Spicy crumbled tempeh, loads of veggies and warm cashew queso scattered over a bed of organic corn tortilla chips... These Vegan Nachos with Spicy Crumbled Tempeh are the ultimate party food made good for you!
Start by making a batch of Cashew Queso, unless you already have some.
Preheat your oven to 400°F
Place all the ingredients for the spicy crumbled tempeh in a medium frying pan set over medium-high heat. Stir to combine well and cook stirring often until all the liquid is evaporated and the tempeh starts to crisp up and ressembles cooked ground beef. Remove from heat and reserve.
Line a broiler pan or half baking sheet with parchment paper and arrange the tortilla chips on it, in a single layer.
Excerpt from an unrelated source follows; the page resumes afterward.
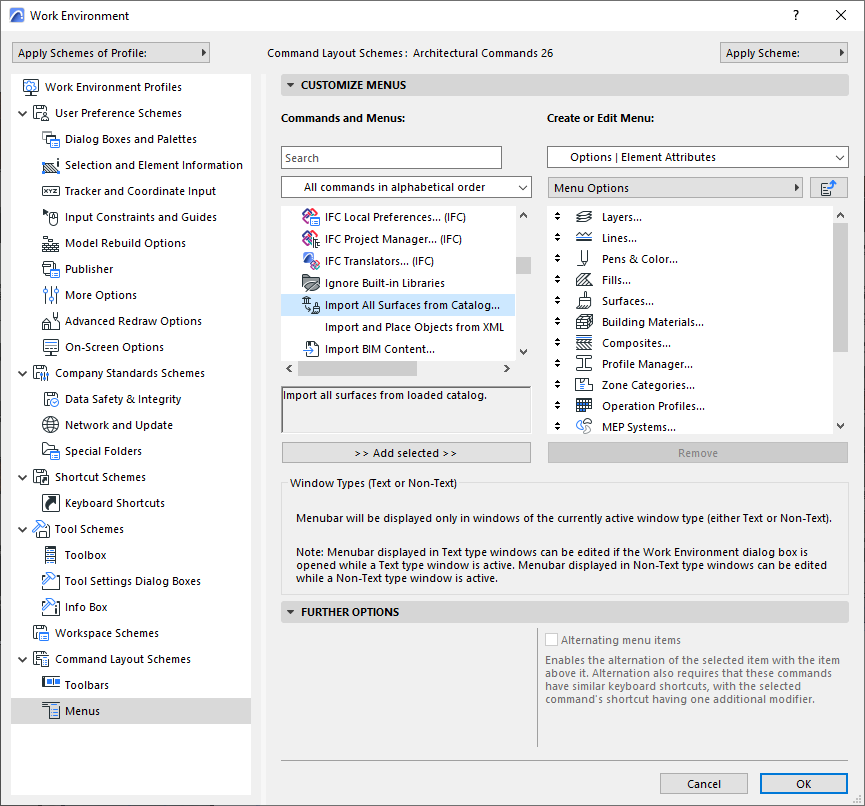 laszlonagy's tweet photo. #ArchicadTip: Did you know that there is a command for importing all Surfaces from a Surface Catalog in a single step?:
https://t.co/tKXJVzGTna https://t.co/juUODewqWy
Top with the reserved crumbled tempeh, thawed corn kernels, chopped red onion and jalapeño pepper.
Bake in the oven for 12-15 minutes, just to make everything nice and warm.
Meanwhile, slightly warm up the queso in a small saucepan set over low heat; be sure to stir often to prevent scorching and add a little bit of water to adjust consistency, if necessary.
Carefully remove the nachos from the oven and drizzle about 3/4 of the cashew queso, then top with the tomato, avocado and cilantro and finally, drizzle the rest of the queso.
Serve without delay with your favorite tomato salsa and additional cashew queso, if desired.
*There’s no need to cook the corn first; just rinse it under cold running water until it's completely thawed and then drain it well.